Why Unix is better than Windows

Ever tried to fix a bug on a Windows system?

Like some program you need to run crashes out of the blue without leaving any notice why it did?

I happened to come across this a few times now, and I must say, I like Unix.

Because if this happens to me on Windows, I usually end up spending a lot of my time arguing with some guy at some support-hotline. Or send e-mails with crash-dumps and tons of other stuff. Or have them visit me.

And normally this costs a whole brick-load of Money. Unless the problem is actually a bug and a "luser-issue".
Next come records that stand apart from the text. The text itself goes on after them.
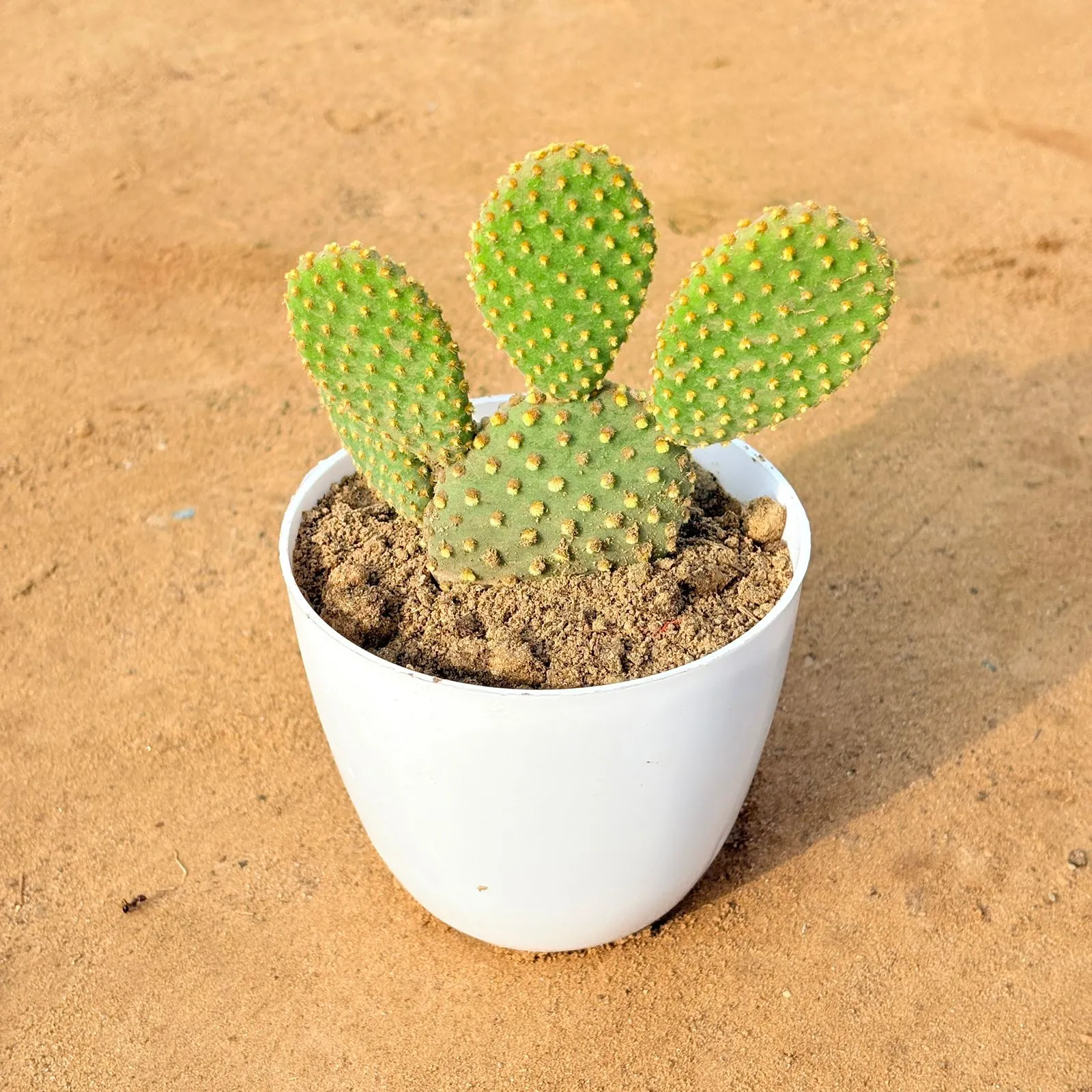 Bunny Ear Cactus in 4 inch White Premium Orchid Round Plastic Pot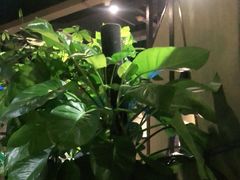-铁胖子口碑长沙菜·龙虾烧烤(赤岗社区店)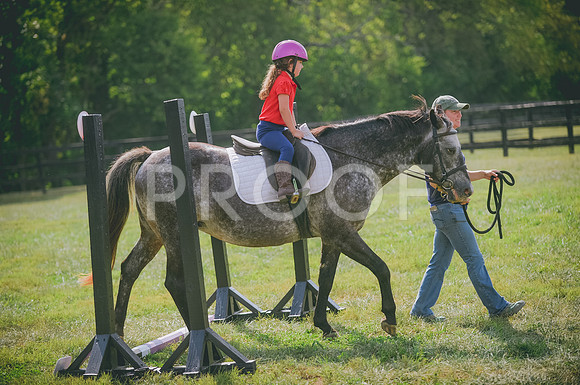 JJS_6448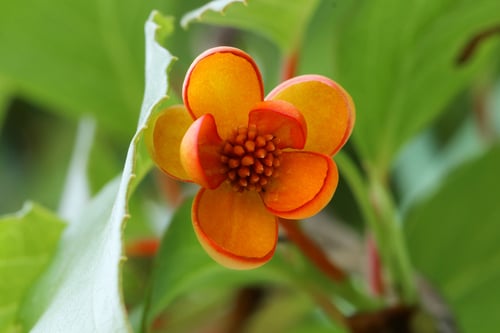 Schisandra arisanensis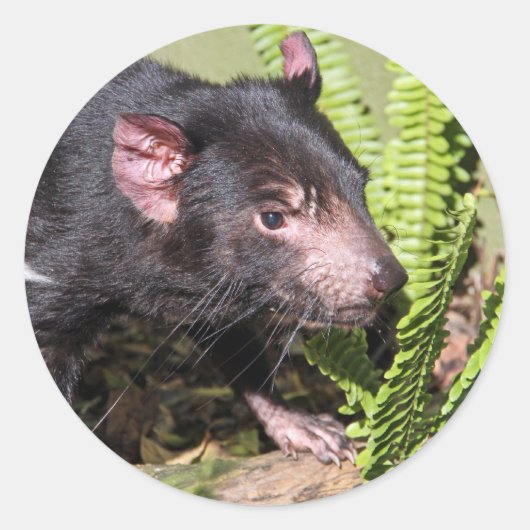 Tasmanian Devil, Australië Ronde Sticker (Voorkant)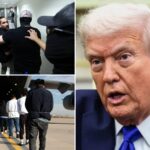 ice-on-track-to-deport-600k-migrants-in-2025,-2-million-have-left:-‘just-the-beginning’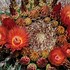 Image result for Desert Plants Barrel Cactus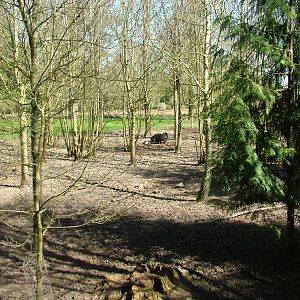White-lipped Peccary exhibit at Cotswold WP 17/04/10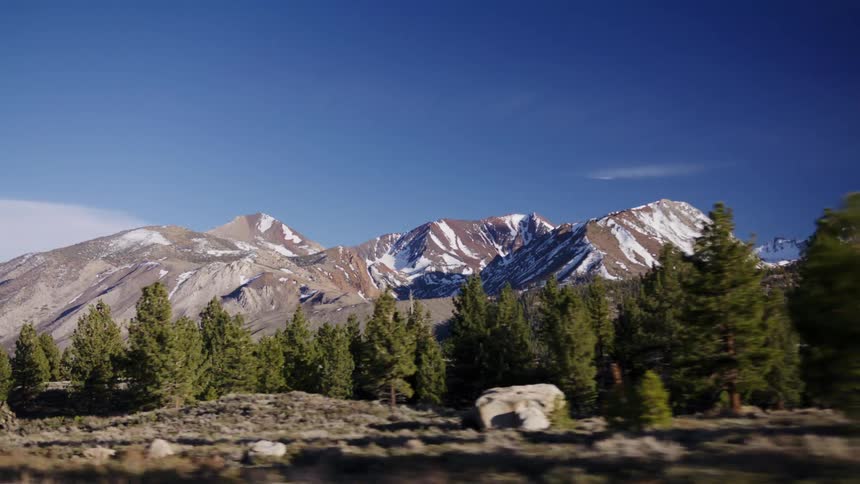 A slow-motion driving shot past majestic, snow-capped mountains and a pine forest under a clear blue sky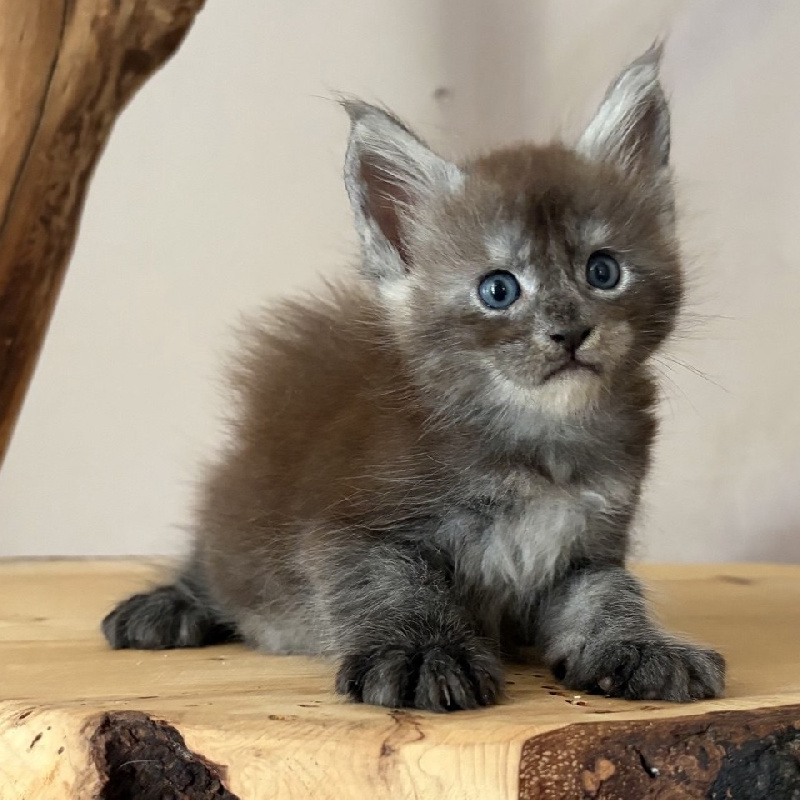 BERNARD - 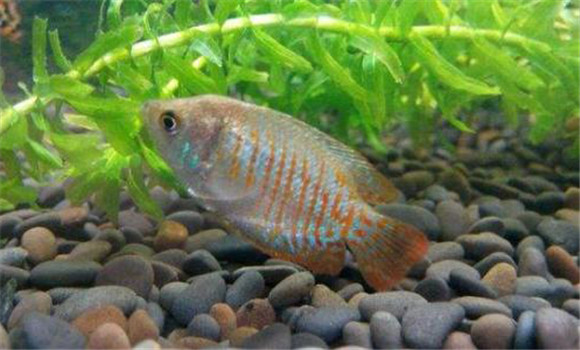 麗麗魚(yú)的飼養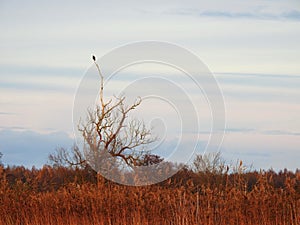 Sea eagle on old tree branch, Lithuania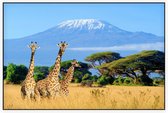 Giraffen in de wildernis - Foto op Akoestisch paneel - 150 x 100 cm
Under Unix this is slightly different.
If a program crashes I tend to use, they normally leave a crash dump by default. Or at least entries in some log-files.

If not, the program can be started with a verbose option. This should finally give a lead what went wrong.

An example: I had problems with one of my servers. This particular system was running an IRC-server (inspircd) and this program was updated recently. Only a minor change, nothing out of the ordinary.

At least it looked like one.

The service was unable to be started after this update. And for added fun, there where no log-entries, or crash dumps.

It just failed silently.

Until the debug mode was switched on. This revealed a missing module.

Closer examination of the package supplied by my distributions showed an option to enable this module. But the flag which should turn this option on, was never read by the package.

Creating my own package, while using the same source-code, I added the missing flags, and everything worked like a charm.

Conclusion: bug-report + patch went out to the maintainer of the package.

Try this with Windows.

Updates on Unix vs Updates on Windows

I like Windows. I really do. It's easy to use, you install stuff rather fast...

If you have the permissions and payed the bills.

Okay, honestly I hate Windows. Partly this is based on my daily routine, working with it and maintaining a few hundred of these damn things.
If you have to do everything by hand, and on every single system you will go mad.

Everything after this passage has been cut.